I've said it before and I'll say it again. All music is related. This is especially the case with African American music. And before say the late seventies, many black musicians grew up in an era, where although they may have eventually specialized in whatever genre their interest lay, they had to be able to acquit themselves well in a variety of different music styles. Jimi Hendrix backed up Wilson Pickett and Little Richard.  George Clinton started out singing doo-wop. Fred Wesley hit it big with James Brown but his true love was jazz. Jazz giant David Newman got his big break in Ray Charles' band. And Ray Charles played anything he damn well pleased.

This is the world in which Etta James grew up. She was comfortable singing in a wide variety of genres. I love blues but Etta James was more than a blues singer. She came in at a time and place when blues was both influenced by and transitioning to rock-n-roll, R&B and soul. She also had quite a way with pop and gospel songs.
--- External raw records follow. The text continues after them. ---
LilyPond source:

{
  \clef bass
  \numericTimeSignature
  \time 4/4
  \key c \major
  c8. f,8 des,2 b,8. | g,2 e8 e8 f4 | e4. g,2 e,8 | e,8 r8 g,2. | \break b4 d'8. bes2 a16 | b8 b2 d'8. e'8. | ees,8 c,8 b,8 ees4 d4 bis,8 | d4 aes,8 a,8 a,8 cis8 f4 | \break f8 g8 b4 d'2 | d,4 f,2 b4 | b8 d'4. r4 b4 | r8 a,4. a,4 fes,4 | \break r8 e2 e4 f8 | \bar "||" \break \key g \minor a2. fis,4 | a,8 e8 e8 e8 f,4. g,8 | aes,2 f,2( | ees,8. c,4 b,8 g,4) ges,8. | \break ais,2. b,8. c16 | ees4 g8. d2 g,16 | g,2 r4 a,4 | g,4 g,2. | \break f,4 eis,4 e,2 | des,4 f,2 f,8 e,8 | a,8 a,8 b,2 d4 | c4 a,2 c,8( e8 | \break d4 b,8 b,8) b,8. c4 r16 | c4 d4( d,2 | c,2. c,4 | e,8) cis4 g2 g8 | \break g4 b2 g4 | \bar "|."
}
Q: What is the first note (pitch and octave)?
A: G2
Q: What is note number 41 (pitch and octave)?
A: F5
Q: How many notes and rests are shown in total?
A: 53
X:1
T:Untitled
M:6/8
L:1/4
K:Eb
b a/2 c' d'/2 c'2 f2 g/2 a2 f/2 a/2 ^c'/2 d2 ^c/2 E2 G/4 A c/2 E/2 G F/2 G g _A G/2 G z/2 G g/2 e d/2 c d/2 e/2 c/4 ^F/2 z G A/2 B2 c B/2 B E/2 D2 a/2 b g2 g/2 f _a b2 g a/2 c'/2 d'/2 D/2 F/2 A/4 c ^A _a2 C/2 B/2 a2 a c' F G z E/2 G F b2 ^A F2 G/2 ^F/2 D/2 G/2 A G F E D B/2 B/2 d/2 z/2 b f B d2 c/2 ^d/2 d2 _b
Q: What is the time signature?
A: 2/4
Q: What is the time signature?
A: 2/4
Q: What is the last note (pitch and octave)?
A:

Ironically and sadly she died the same week as Johnny Otis (a Greek-American bandleader who for all intents and purposes decided to be black), the musician who "discovered" her. 

Back in the day there was a song called Work with me Annie by Hank Ballard. This was a pretty suggestive song because "working" was exactly what your dirty mind thinks it was. It was followed up, just in case any really dim person missed it, by a song titled Annie had a Baby, can't work no more. A teenaged Etta James sang an answer song titled Roll with me Henry and her career took off. If you haven't heard her sing you really missed a treat. She had struggles in life as we all do but her personal issues* aren't important to me. What is important is the incredible voice James had. She should have copyrighted the term "smoky alto".

Do yourself a big favor and take some time to listen to her sing Something's got a hold of me, Baby what you want me to do (in which she takes a vocal solo in which she imitates a harmonica), You can leave your hat on, I'd Rather go BlindBall and Chain, A Sunday Kind of Love,  Only Women Bleed,  Fool That I am or many many more. You may be interested in her seventies album Only A Fool, which had very bass heavy production and was chock full of rock and soul covers aimed at the younger audience. There's also a cover of Prince's Purple Rain floating around there somewhere. I'm not a huge fan of her post eighties work but like a lot of people from the old school she worked until she couldn't any more. Much respect. Nothing against Beyonce or Aguilera or Adele or Joss Stone or whoever but this right here was the real deal.

*Fun fact-James was also known for not taking any stuff. In the Howlin' Wolf biography Moanin' at Midnight, the author describes an incident at a 1955 Apollo show where the lovestruck but then illiterate Wolf had someone write a note of sweet nothings to the seventeen year old James. James responded by confronting the 6-6 300lb Wolf and rudely rebuffing his advance in front of his entire band. "Old country man" was the nicest thing she said. Undeterred Wolf had someone write another note to take to her. James wrote back a note that was simple and sweet. "You m******f****! F*** you!!" At this point Wolf got mad. But he took the hint.